• _Action item_: Leave the pictures behind and repeat all the entries exactly.

***** Data for analysis

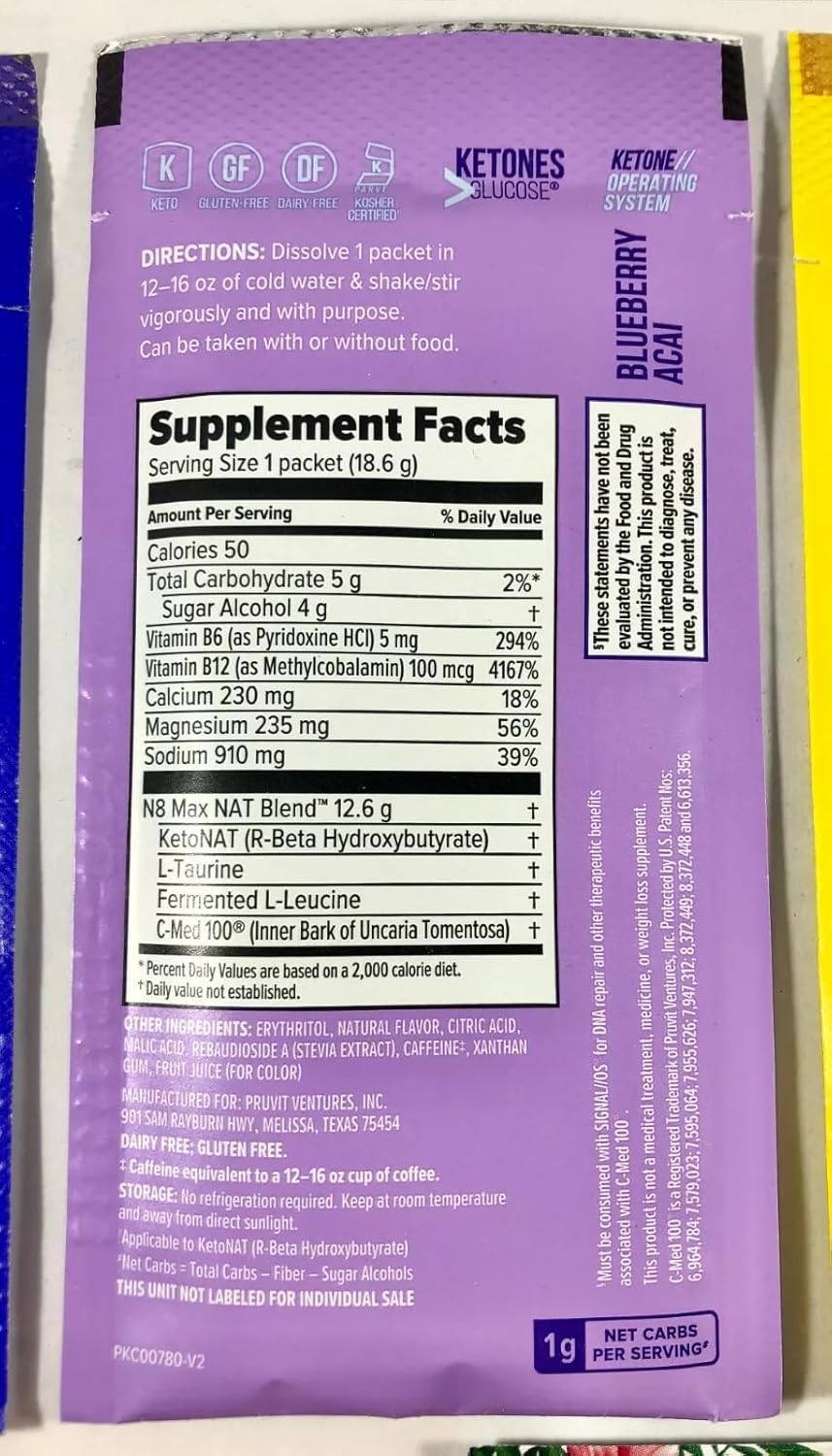 PRÜVIT OS NAT® Blueberry Acai Charged Supplements for Men and Women - 20 Count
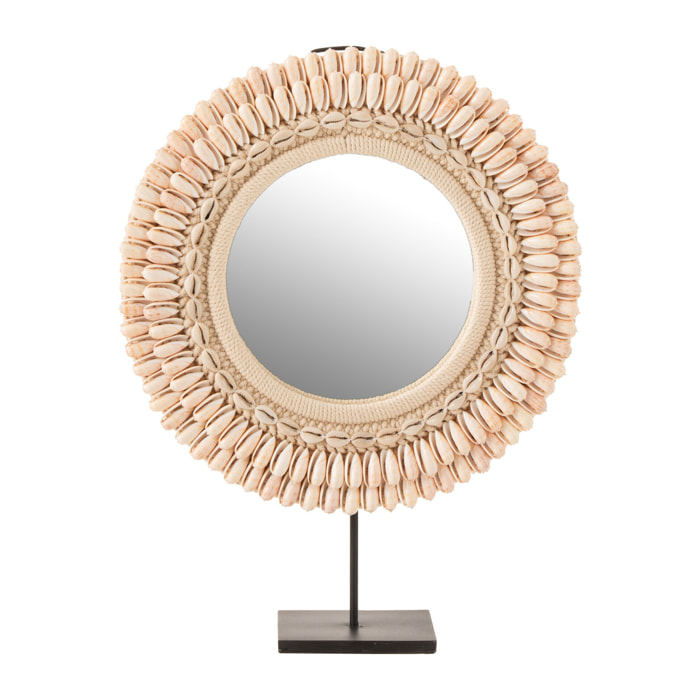 J-Line miroir sur pied Mona - verre/coquillages - rose clair - large - 37 x 52.5 cm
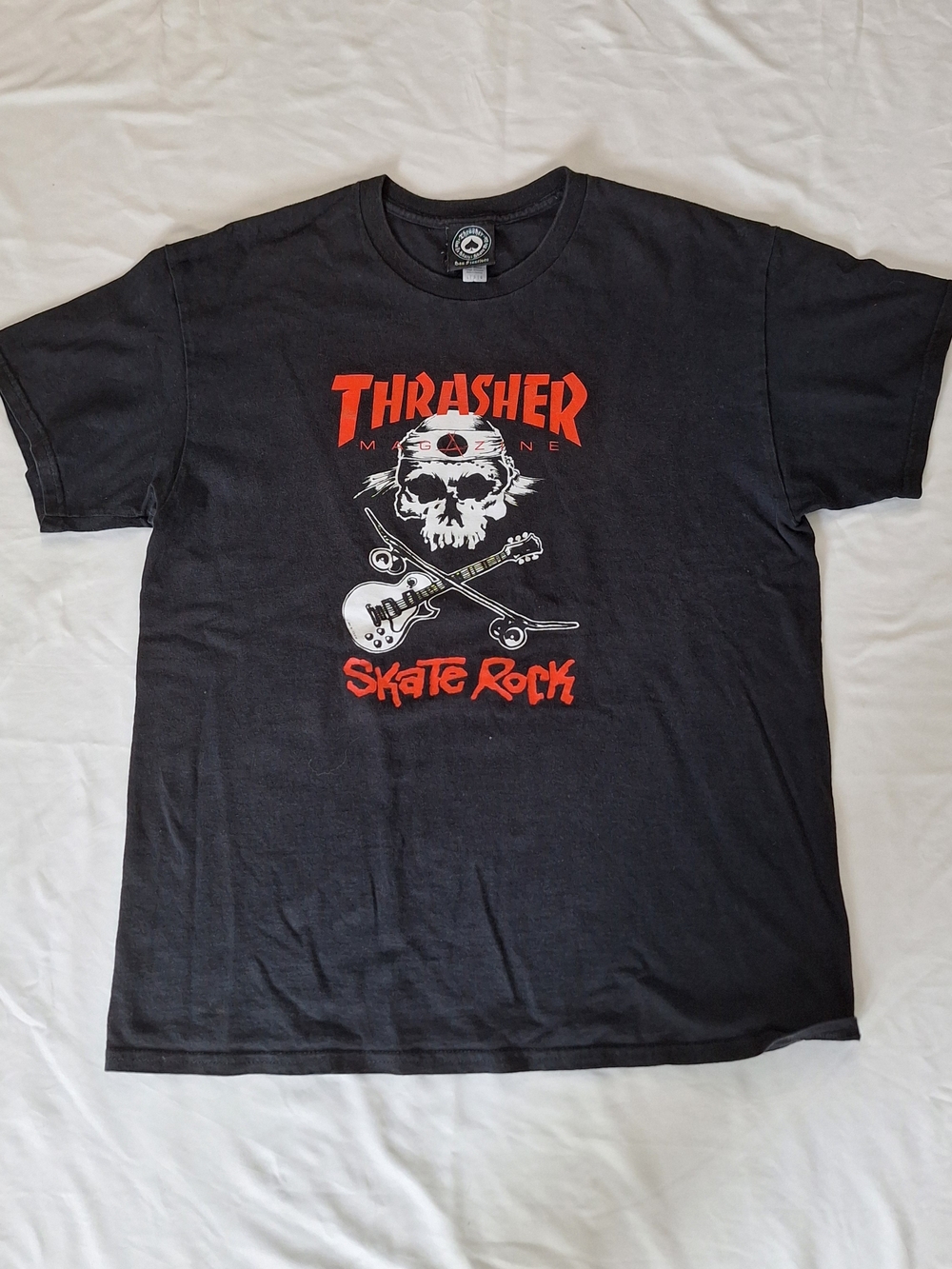 Vintage Thrasher Skate Rock Shirt Mens L Black Grunge Y2K Distressed Skull Punk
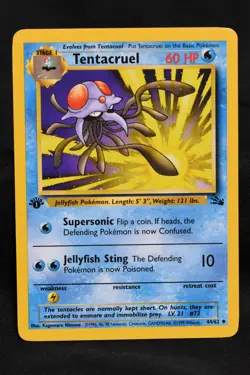 Tentacruel 1st Edition 44/62 LP Fossil Regular Uncommon Pokemon TCG Card - Image 1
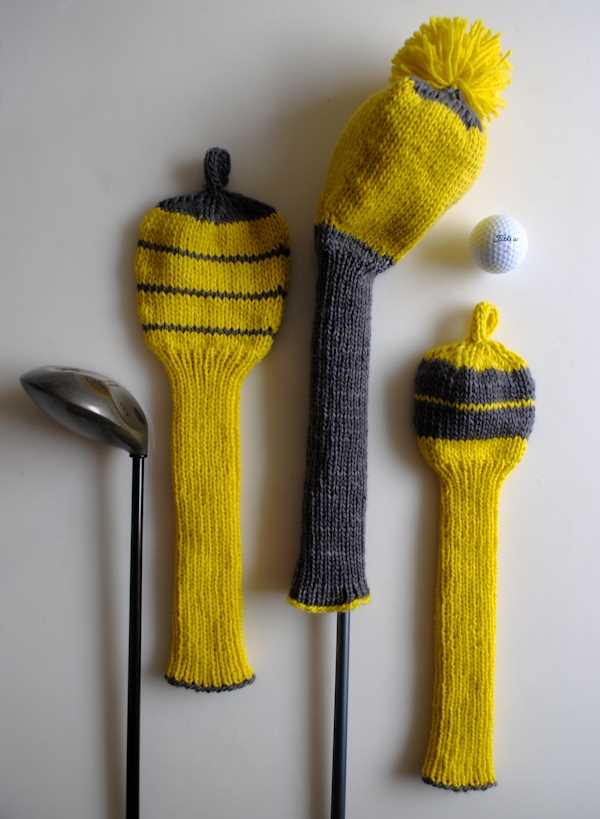 Easy golf club cover knitting pattern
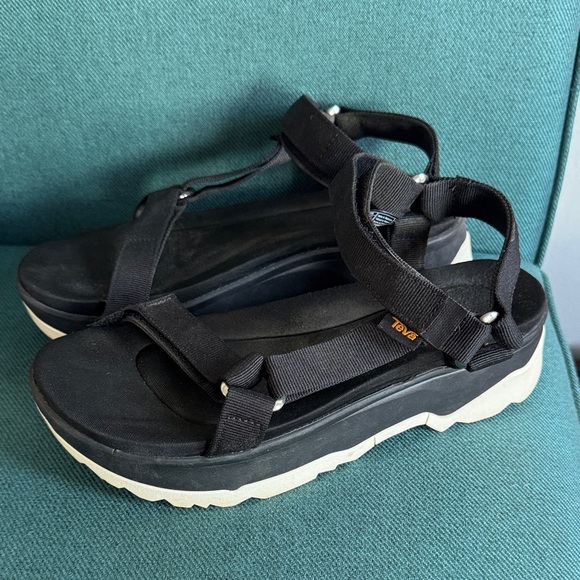 Teva Women's Black and White Sandals - Picture 1 of 2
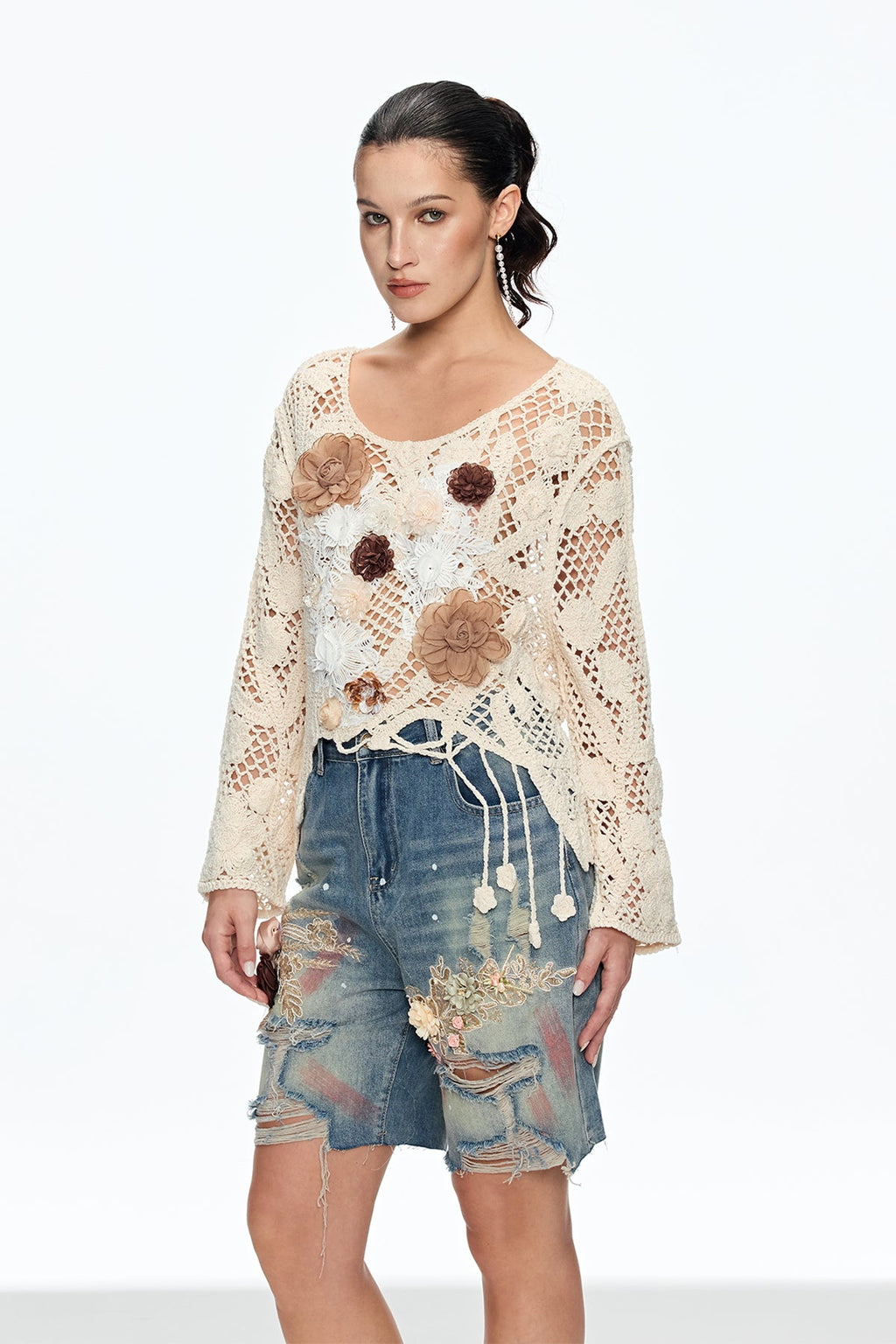 Caileigh Flower Cutout Knit Top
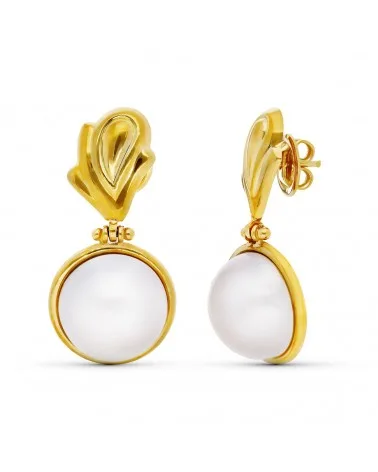Pendientes oro 18k perla japonesa largos presión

**********

• _Solution for this exercise_:
 PRÜVIT OS NAT® Blueberry Acai Charged Supplements for Men and Women - 20 Count
 J-Line miroir sur pied Mona - verre/coquillages - rose clair - large - 37 x 52.5 cm
 Vintage Thrasher Skate Rock Shirt Mens L Black Grunge Y2K Distressed Skull Punk
 Tentacruel 1st Edition 44/62 LP Fossil Regular Uncommon Pokemon TCG Card - Image 1
 Easy golf club cover knitting pattern
 Teva Women's Black and White Sandals - Picture 1 of 2
 Caileigh Flower Cutout Knit Top
Pendientes oro 18k perla japonesa largos presión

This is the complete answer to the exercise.